Erik Blegvad, illustrator, March 3, 1923 – January 14, 2014.
Erik Blegvad, who has died aged 90, illustrated over a hundred children’s books. Born in Copenhagen in 1923, he spent time as a child with his grandfather, who told him the folk and fairy tales which formed the basis of his visual imagination for the rest of his life. In 1941, tall, red-headed and soon to sport his distinctive handlebar moustache, he enrolled at Copenhagen’s School of Applied Arts where he met his life-long friend Niels Mogens Bodecker, later a celebrated illustrator and poet. Moving to America in 1952, he started illustrating children’s books, drawing on meticulous draughtsmanship informed by an impish sense of humour. Still mostly working in pen and ink sometimes washed over with water colours, he illustrated the American publication in 1957 of Mary Norton’s classic story Bedknobs and Broomsticks. Next year he translated and illustrated Hans Andersen’s story The Swineherd and did the same with Andersen’s Twelve Tales in 1993, writing in his introduction that ‘if the English in these translations sounds old-fashioned, well, so does the original Danish.’ In 1961 he illustrated Marjorie Winslow’s Mud Pies and Other Recipes, reprinted in 2010 by the New York Review of Books in their Children’s Classics series. There was also work on children’s books written by his American wife Lenore Hochman. One of these, This Little Pig-a-Wig and other Rhymes about Pigs (1978) was chosen by the New York Times as one of the best illustrated books of the year.

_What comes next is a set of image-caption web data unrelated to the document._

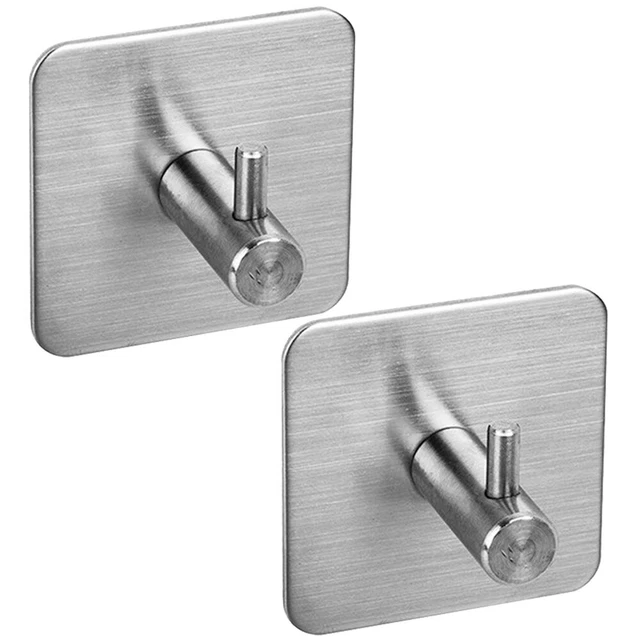 2pcs Self Adhesive Bath Hooks Stainless Steel Bathroom Towel Hook Stick Wall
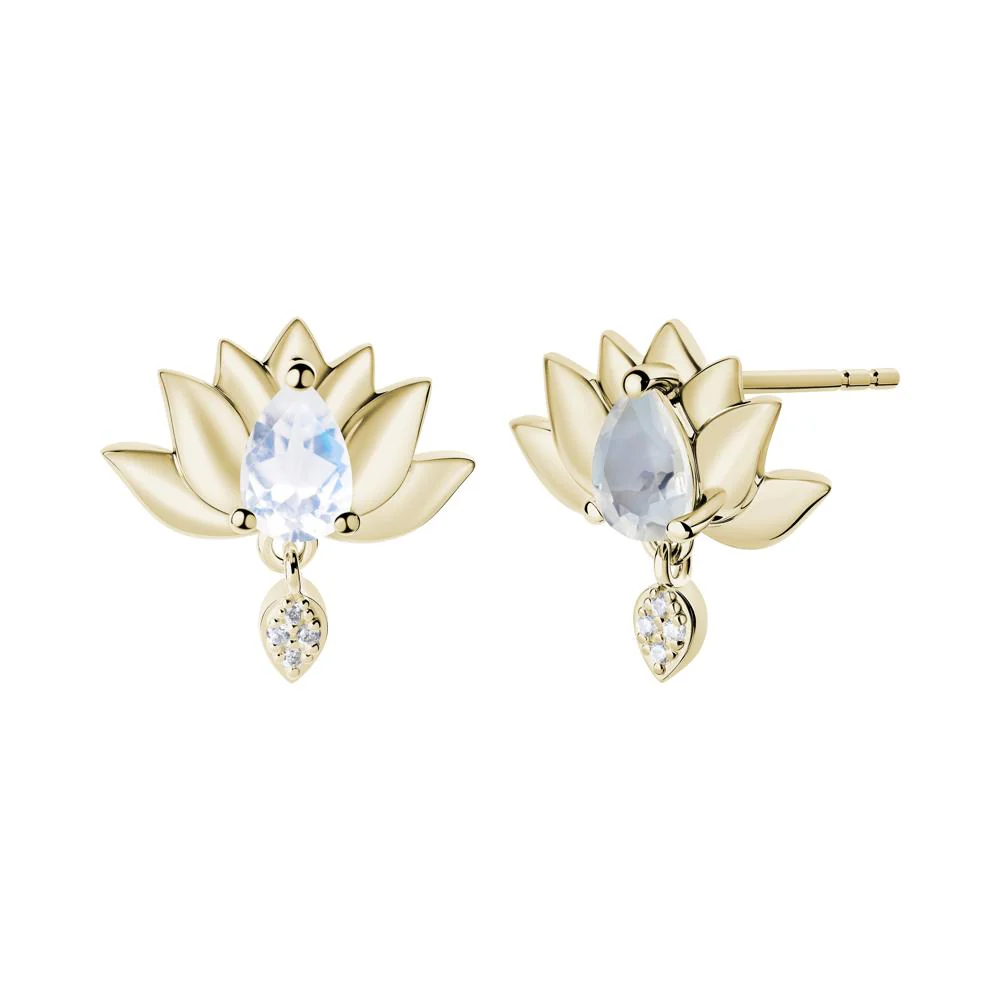 Tear Shaped Moonstone Lotus Stud Earrings - Image 7
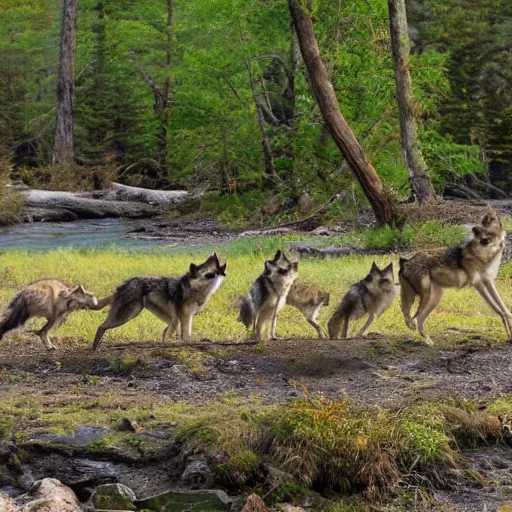Image similar to a pack of wolves in the distance of a forest on the other side of a creek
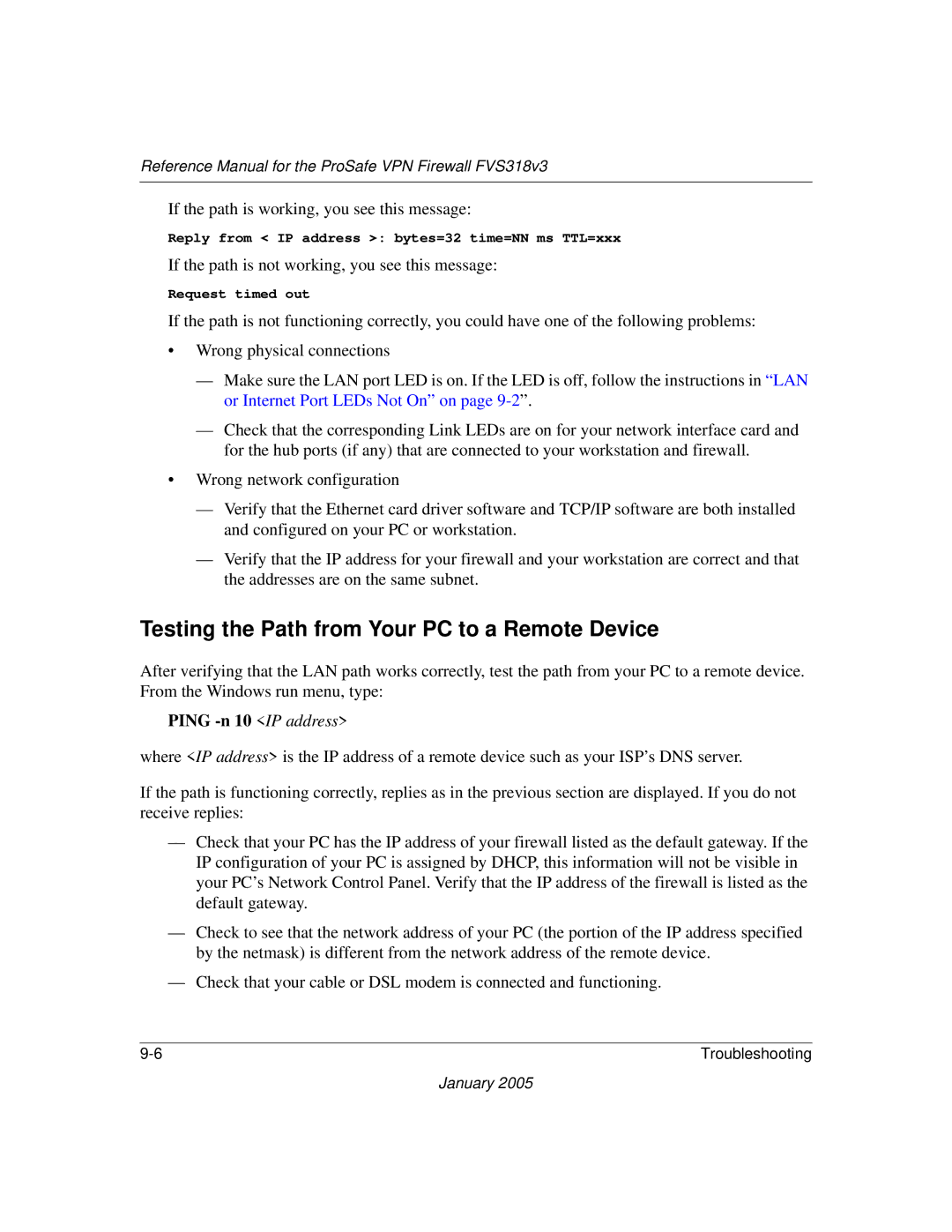 NETGEAR FVS318v3 manual Testing the Path from Your PC to a Remote Device, Ping -n 10 IP address 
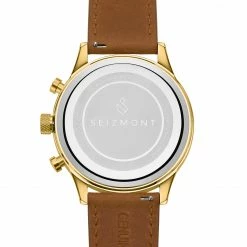 Best Sale 👏 Seizmont Troika II | Gold-Tone Dual-Time ⌚ Watch With Black Dial & Brown Leather Strap ✔️ -WATCHES FOR MEN Sales cbhb
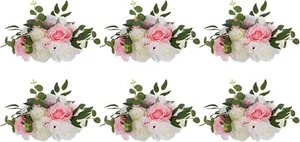 Wedding Centerpiece Table Decorations Faux Flower Ball Bouquet Arrangement Pink - Picture 1 of 4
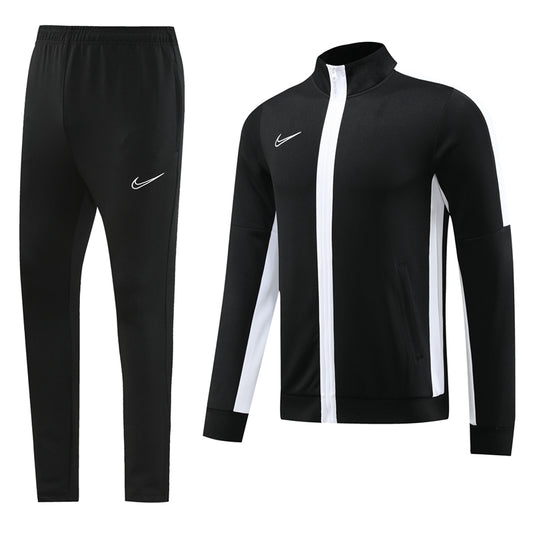 Black Jacket [Solid] w/ White Seams, Black Pants Unisex Full-Set Tracksuit (DRI-FIT ADV)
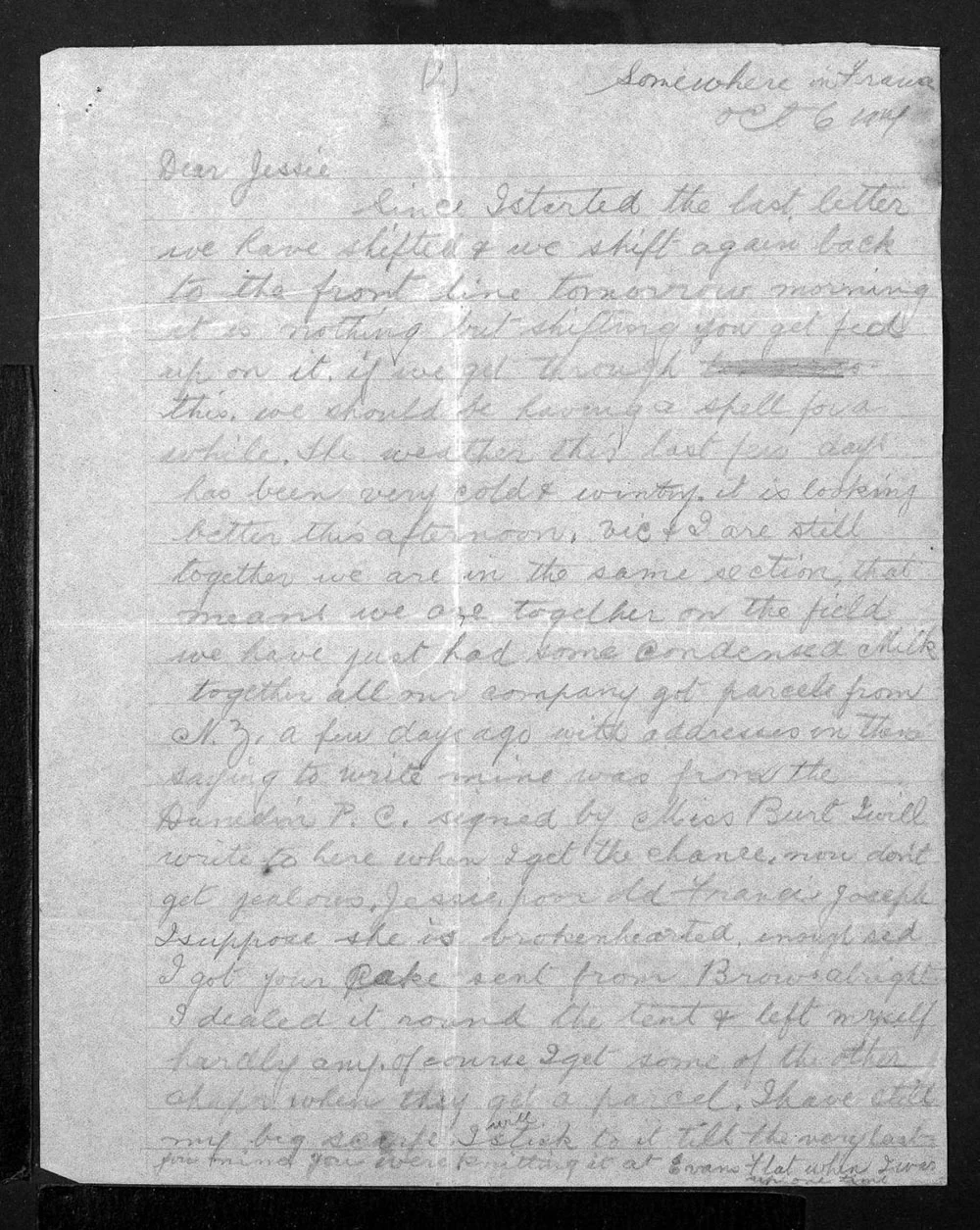 Alexander Mee Letters to Jessie - 6 October 1917 - Page 1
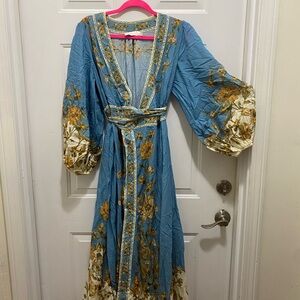 Zimmermann Blue and Gold Floral Maxi Dress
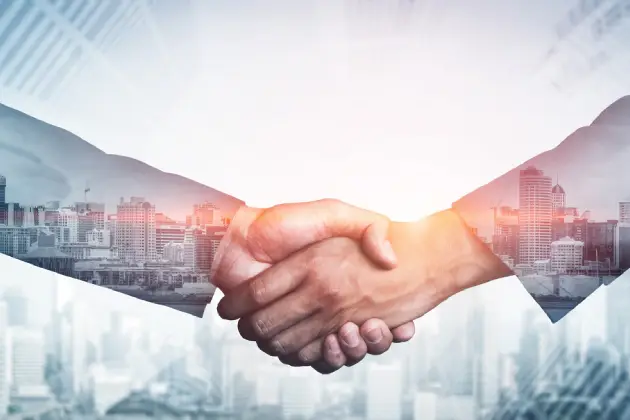 Technician handing over repaired washer with warranty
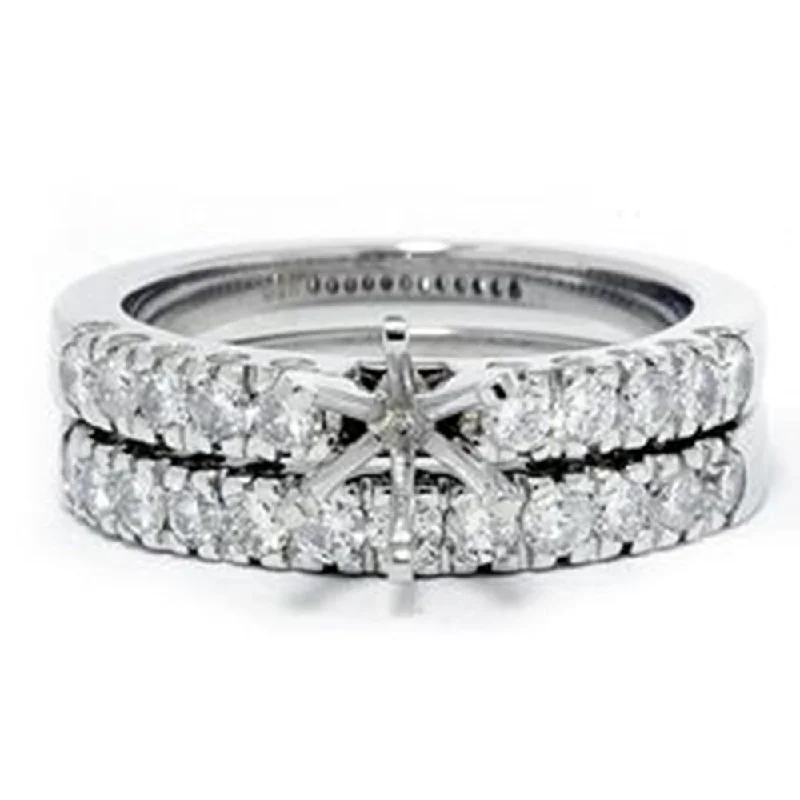 wedding engagement rings -1ct Diamond Engagement Matching Wedding Ring Setting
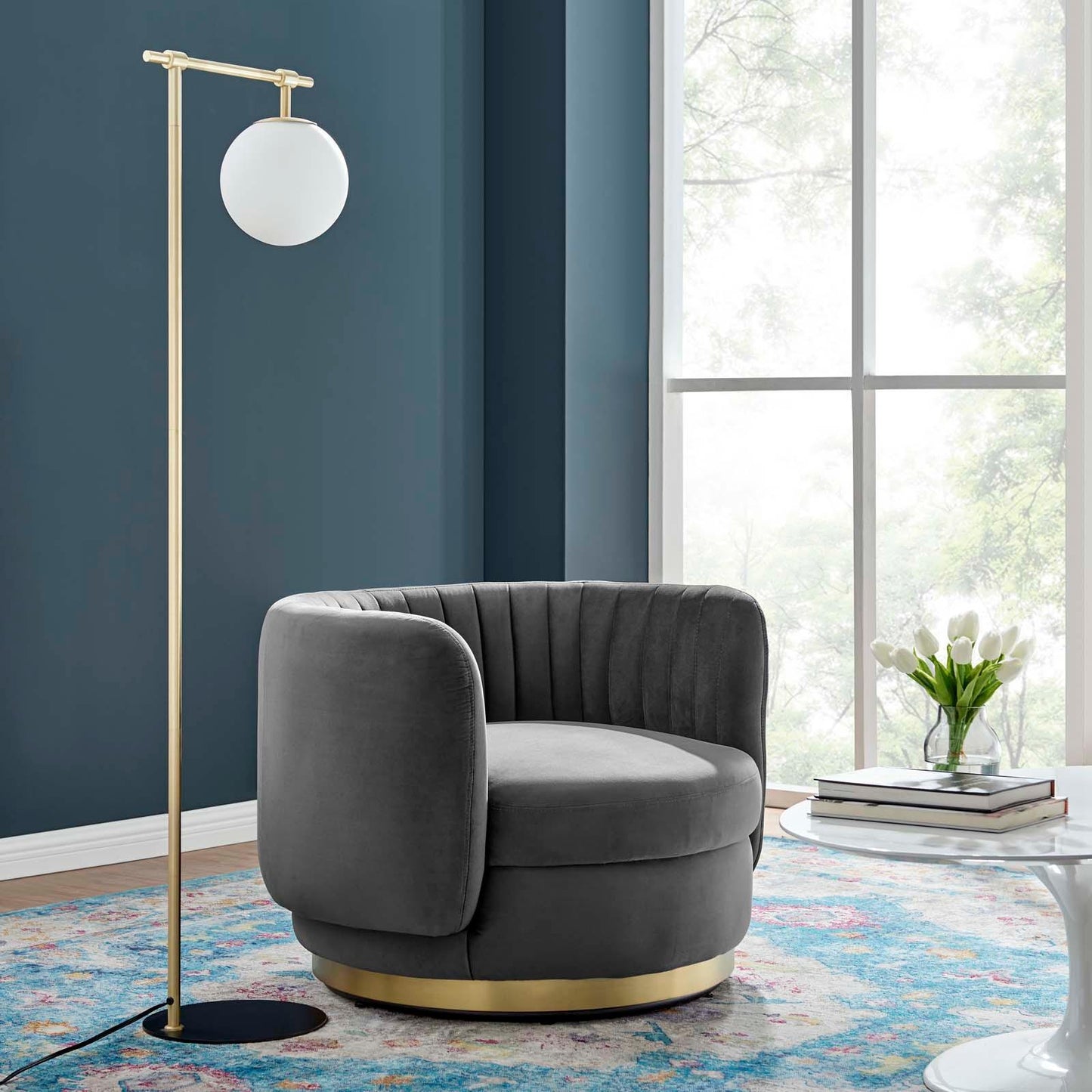 Embrace Tufted Performance Velvet Swivel Chair, EEI-4997 FredCo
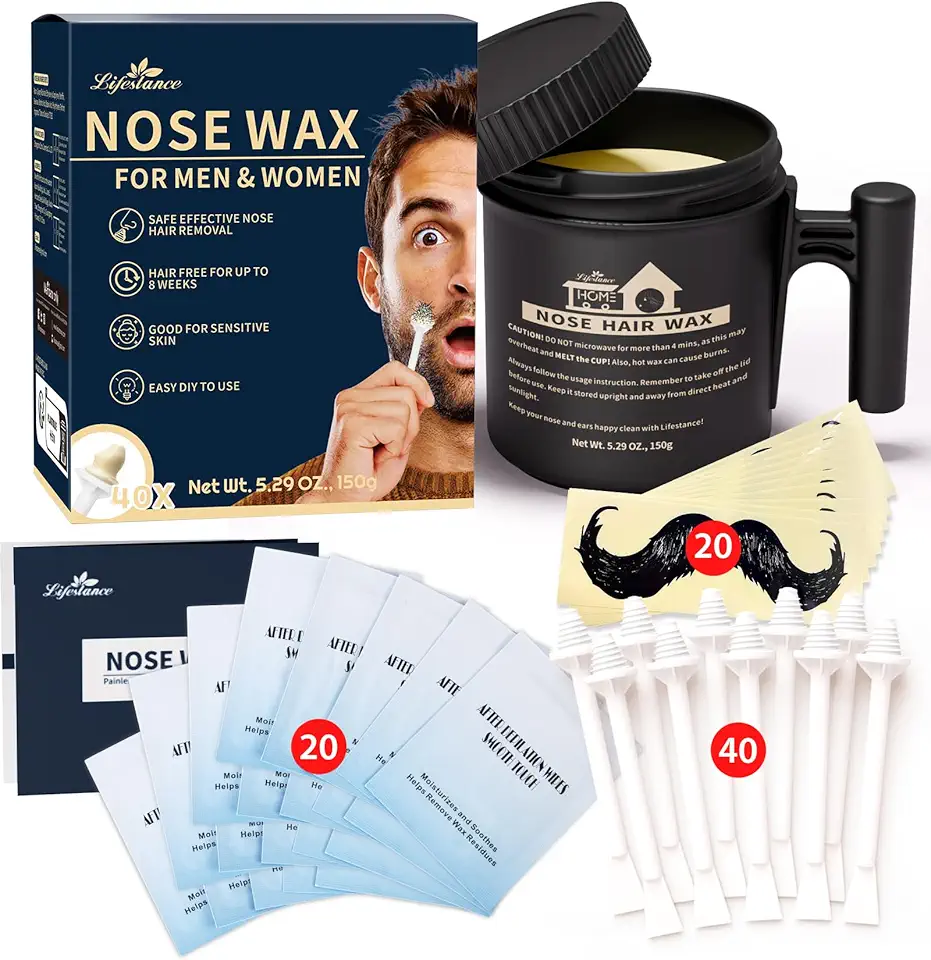 Lifestance Kit de cera de nariz masculino | 150 g | Kit de cera de cabelo nasal de grande capacidade com 40 aplicadores, 25 a 30 usos | Kit de cera de nariz para mulheres | Kit de depilação de pelos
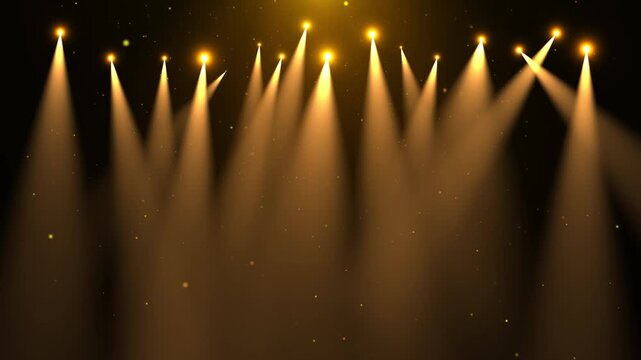 The backdrop of the award ceremony stage with flashing spotlights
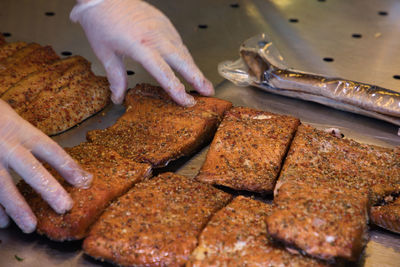 High angle view of person preparing food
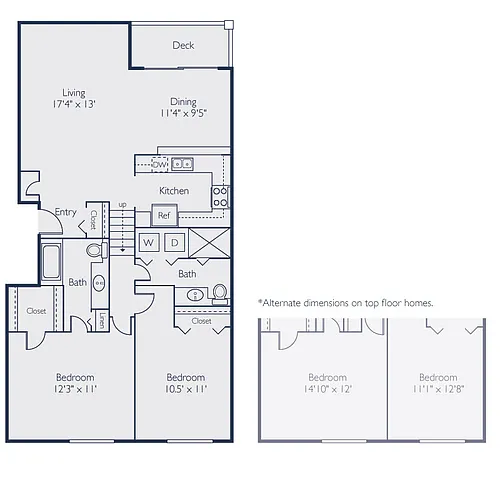 Floor plan Two Bedroom Two Bath (1096 SF)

In 1966 he and his family of two sons moved to London. Many more illustrations followed. It was only much later, when his type of exquisitely detailed art-work began to go out of fashion, that commissions began to dry up. In his charming illustrated autobiography Self-Portrait (1979) he describes how ‘when my lucky side is working I find myself concentrated at the tip of my pen, which to my delight proceeds to create people, objects and worlds I never knew existed.’ Readers looking back will remember how well he used to spread this sense of delight to them too.